# [MATERIALS PROVIDED]
================================

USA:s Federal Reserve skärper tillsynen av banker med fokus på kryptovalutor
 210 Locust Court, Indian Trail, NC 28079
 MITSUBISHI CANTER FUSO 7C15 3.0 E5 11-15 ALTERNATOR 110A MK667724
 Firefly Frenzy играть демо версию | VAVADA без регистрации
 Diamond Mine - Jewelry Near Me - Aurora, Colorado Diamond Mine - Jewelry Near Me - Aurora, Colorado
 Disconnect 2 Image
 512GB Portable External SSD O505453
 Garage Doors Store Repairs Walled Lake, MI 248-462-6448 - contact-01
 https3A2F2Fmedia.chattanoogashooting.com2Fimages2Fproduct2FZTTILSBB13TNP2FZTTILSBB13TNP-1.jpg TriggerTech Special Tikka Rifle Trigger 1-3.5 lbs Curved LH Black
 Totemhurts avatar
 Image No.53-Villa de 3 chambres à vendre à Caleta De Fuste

================================

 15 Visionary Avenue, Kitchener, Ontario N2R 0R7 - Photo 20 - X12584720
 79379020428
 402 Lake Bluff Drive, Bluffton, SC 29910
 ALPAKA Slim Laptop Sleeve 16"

================================

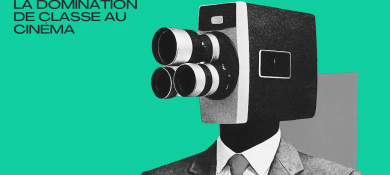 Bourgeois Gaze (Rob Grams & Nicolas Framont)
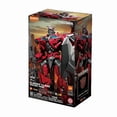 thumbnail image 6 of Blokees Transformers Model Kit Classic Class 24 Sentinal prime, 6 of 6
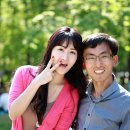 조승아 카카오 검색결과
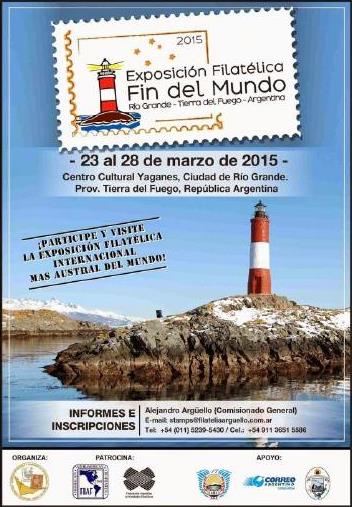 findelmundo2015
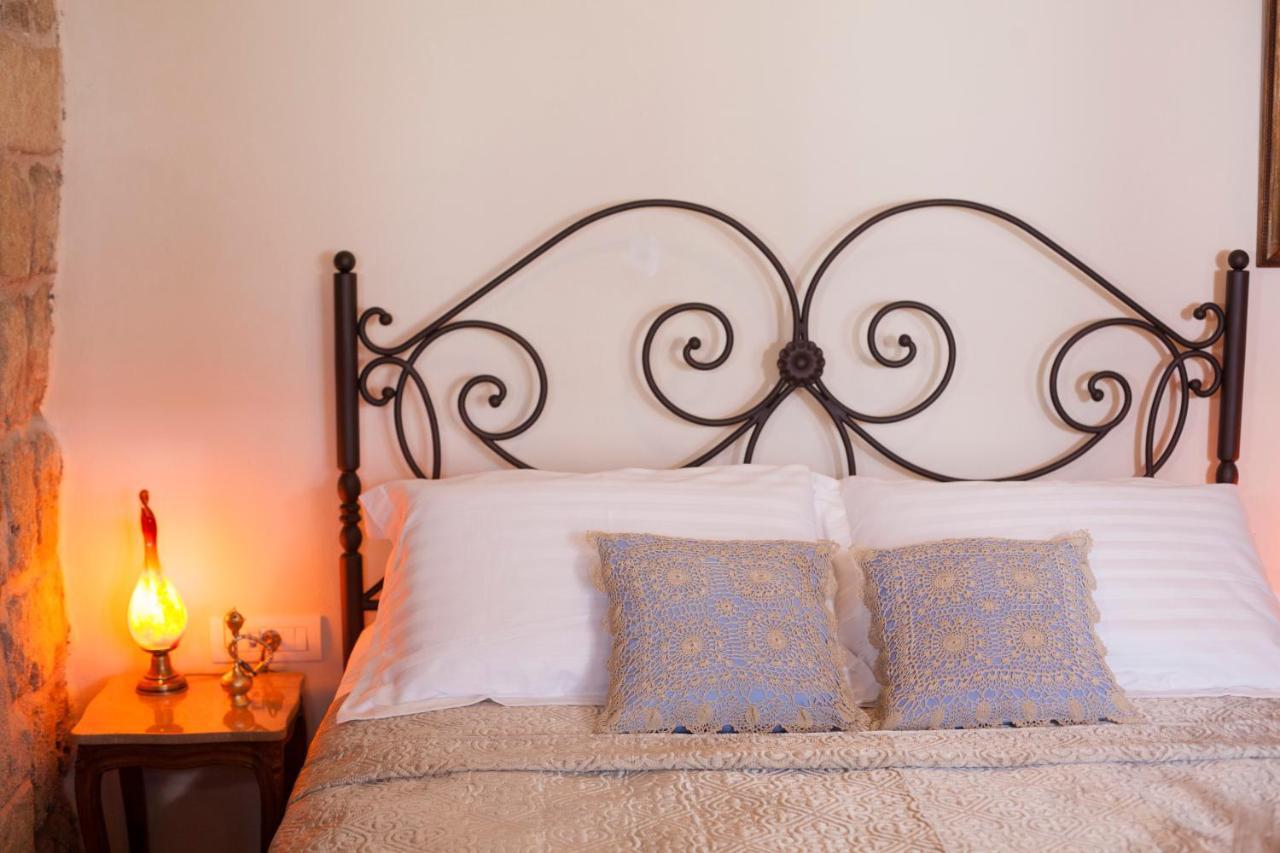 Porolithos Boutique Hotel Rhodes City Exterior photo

================================

# [PROBLEM TO WORK ON]
Restate word for word the lines of the data above that begin at the line with "thumbnail image 6" and end at the line with "Porolithos Boutique Hotel", keeping both ends and dropping every picture.

# [RESULT OF THE EXERCISE]
 thumbnail image 6 of Blokees Transformers Model Kit Classic Class 24 Sentinal prime, 6 of 6
 조승아 카카오 검색결과
 findelmundo2015
 Porolithos Boutique Hotel Rhodes City Exterior photo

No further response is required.